Wind, like solar, is at the mercy of nature and its reliability varies by location. Developing a means of enabling excess power to be returned to the grid is key. Additionally, wind turbines require regular maintenance through their 20-to-25-year life, so high-quality service could facilitate further adoption. Another constraining factor is damage to wildlife from the rotating blades and electromagnetic fields.

Overall, solar PV and onshore wind are the most competitive forms of alternative energy given their lower costs and more mature technologies. They are likely to dominate additions to global generating capacity over the next 30 years.²⁶ However, storage for back-up power is one challenge both sources face. In addition, as solar and wind generators are connected to the electric grid, system operators must manage output to prevent unanticipated fluctuations in voltage and blackouts.

Hydro has advantages and drawbacks

Concerns with climate change and declining variable costs are driving further adoption of hydropower. About 28GW of new capacity were added in 2015, bringing total global capacity to approximately 1,064 GW. The addition was less than for both solar PV (50 GW) and wind (63 GW).²⁹

Like solar and wind, hydro power is valued for its low emissions. With hydro it is also easier to adjust output in accordance with changes in demand. Another benefit is that reservoirs can offer energy storage as well as flood control and drought protection. On the flip side, the cost of new plants can be high and dam safety becomes a major concern with extreme flooding. Moreover, research shows hydro projects can have serious impacts on ecosystems and hydrology, blocking fish migrations and changing the temperature and chemical composition of bodies of water. In the long run, we predict solar PV and wind power will surpass hydro due to these constraints.

Nuclear poses risks
People tend to have mixed feelings about nuclear power. It benefits from high energy density; the amount of energy released in a nuclear reaction is 10 million times that from burning an atom of fossil fuel, resulting in a high capacity to generate power. However, rising concern with radiation risks and management of waste have turned some countries away from nuclear energy, especially after Japan's Fukushima Daiichi accident.

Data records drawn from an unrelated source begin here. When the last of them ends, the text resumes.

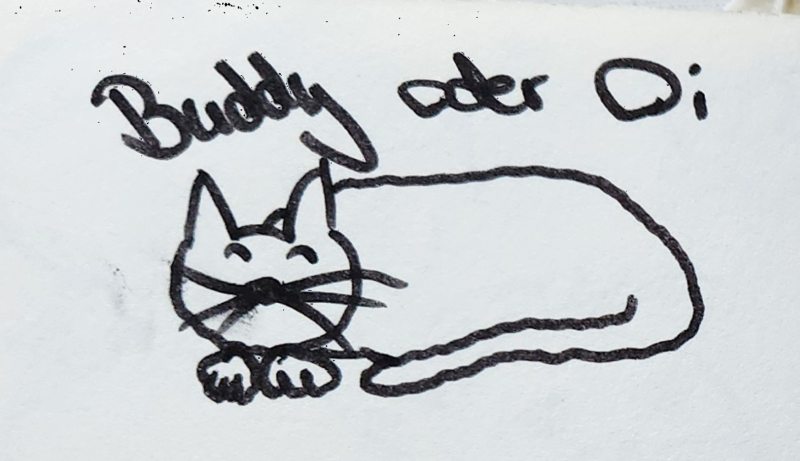 Handgezeichnete Katze Buddy oder Oi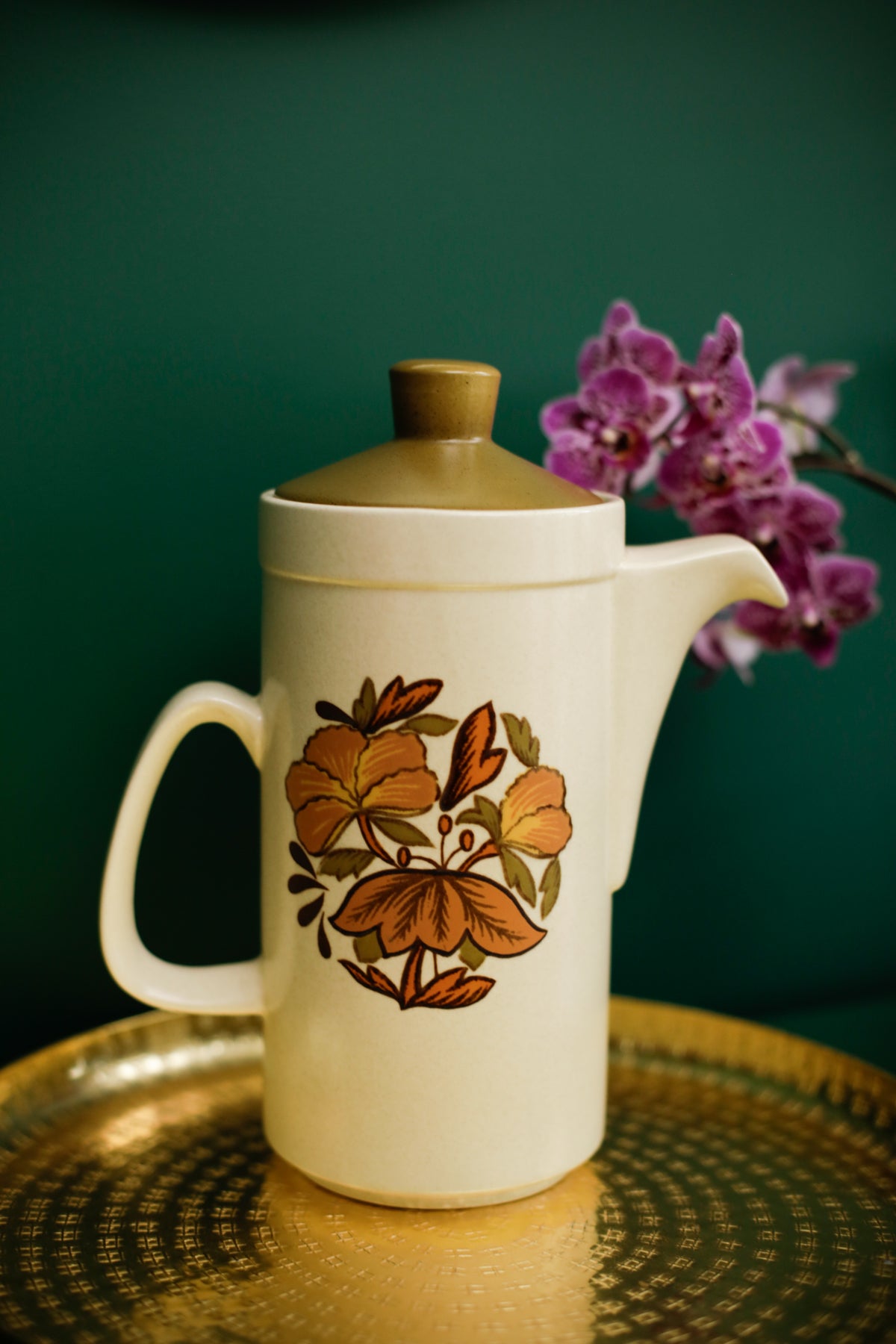 Palissy Kismet Tea Coffee Pot Vintage 70s Flower design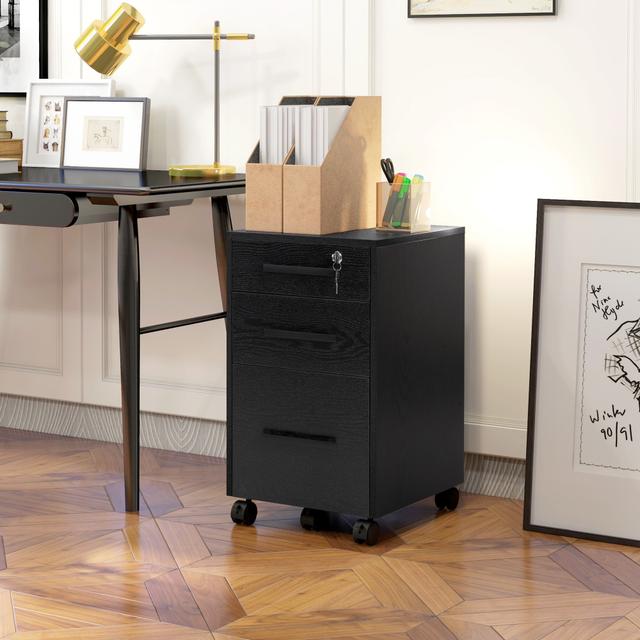 TEMU Homcom 3 Drawer File Cabinet With Lock And Flat Top, Lockable Filing Cabinet On Wheels With Hanging Bars For Letter And A4 Size, Black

Conclusion: Going forward, Emerging Markets will drive energy demand, while developed countries see stable or declining consumption. Conventional sources are expected to continue to dominate the energy mix, with natural gas the "bridge" fuel as the world moves toward a low-carbon economy. Given concerns with climate change, we believe the world has reached a tipping point for renewable energy. Governments, corporations and investors are acting together to enable the transition. We believe that solar PV and onshore wind will likely become the predominant low-carbon energy sources given improving technologies and declining costs.

Alternative energy investments tend to be volatile and call for a relatively long holding period. Investors can target energy efficiency technologies such as storage, lighting and the smart grid and look to blue-chip companies with a significant presence in these technologies, reducing downside risks. A diversified approach through managers specializing in impact investing is preferred.